ASSIGNMENT ▸
Restate, exactly and without pictures, the lines from the start of the listing below through the line holding "hallway with carpet".

↓↓↓

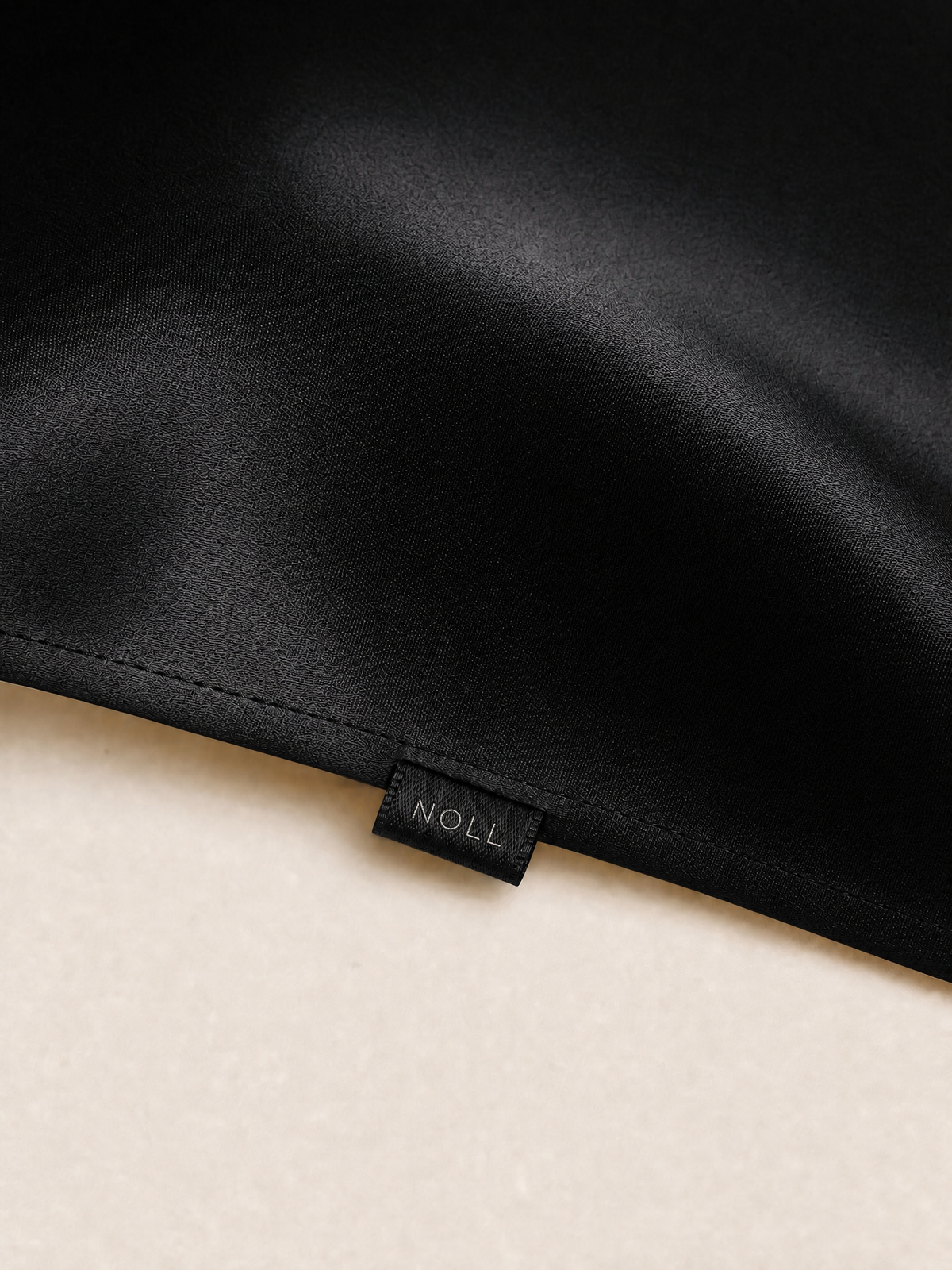 Close-up of the hemmed seam and the woven NOLL label on the black silk pillowcase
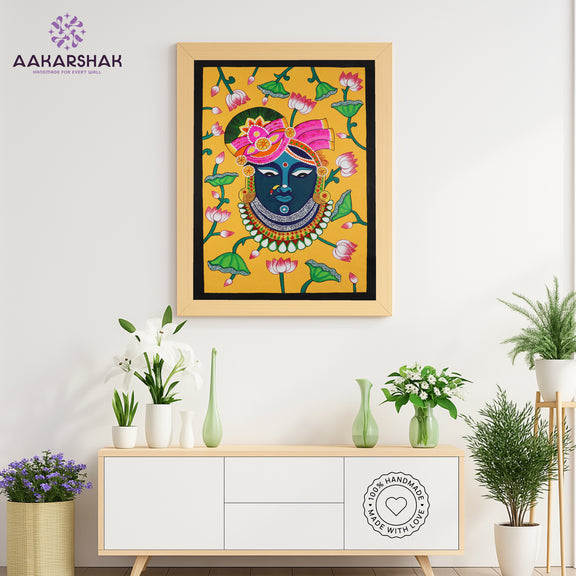 Close-up of hand-painted Pichwai design using vibrant colors and natural themes
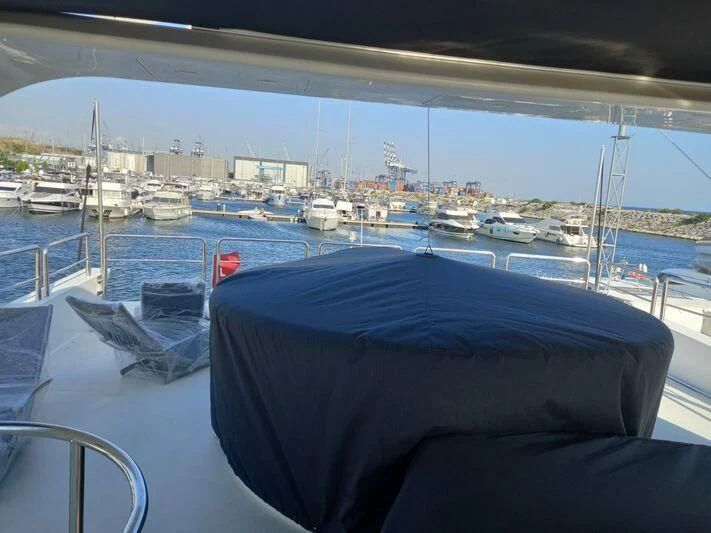 a boat dock with boats aboard AEGINA Yacht for Sale
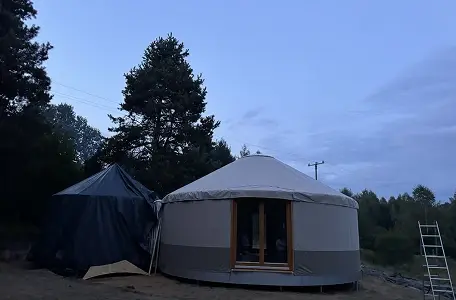 Ukończona jurta: Jurta z szarym, wodoodpornym pokryciem i drewnianymi drzwiami.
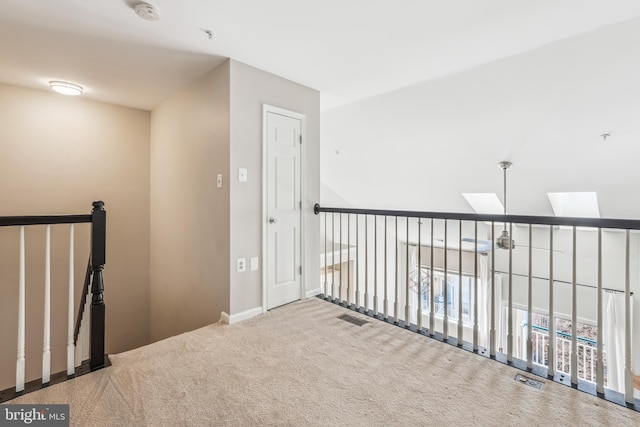 hallway with carpet floors, a skylight, baseboards, and visible vents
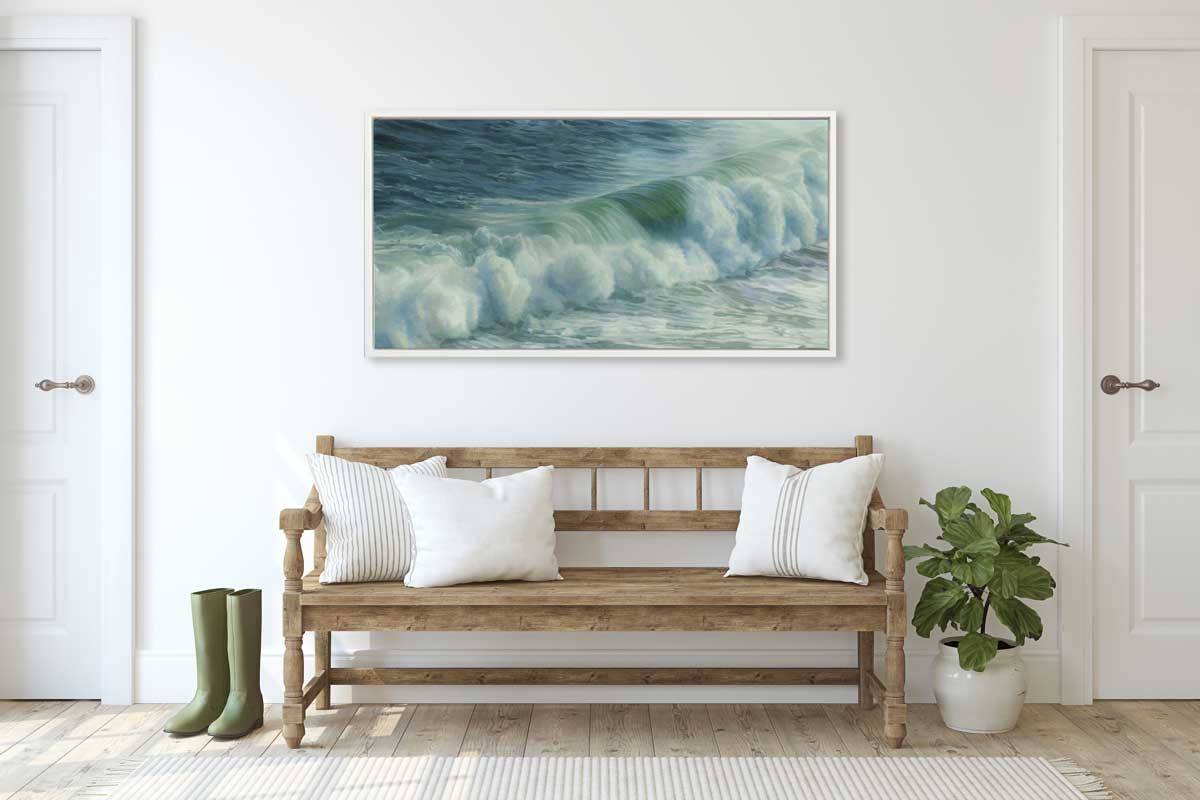 A blue and green abstract water wave print in a white floater frame hangs on a white wall above a wooden bench with white pillows, a pair of green rubber boots and a small potted floor plant.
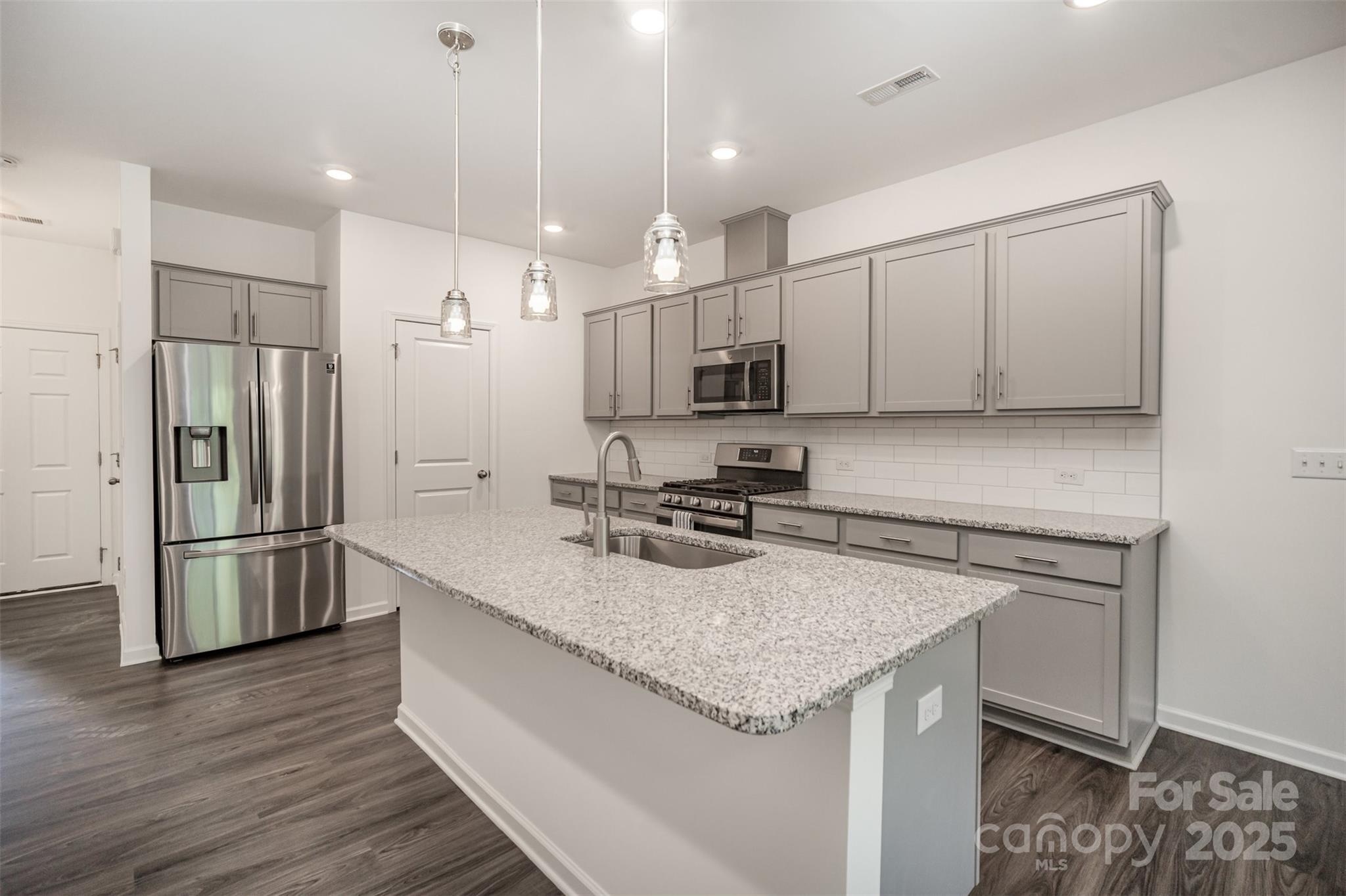 558 Dulaney Drive Tega Cay, SC 29708 - Photo 12 of 30 a kitchen with stainless steel appliances granite countertop a sink stove and refrigerator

↑↑↑

TASK SOLUTION ▸
 Close-up of the hemmed seam and the woven NOLL label on the black silk pillowcase
 Close-up of hand-painted Pichwai design using vibrant colors and natural themes
 a boat dock with boats aboard AEGINA Yacht for Sale
 Ukończona jurta: Jurta z szarym, wodoodpornym pokryciem i drewnianymi drzwiami.
 hallway with carpet floors, a skylight, baseboards, and visible vents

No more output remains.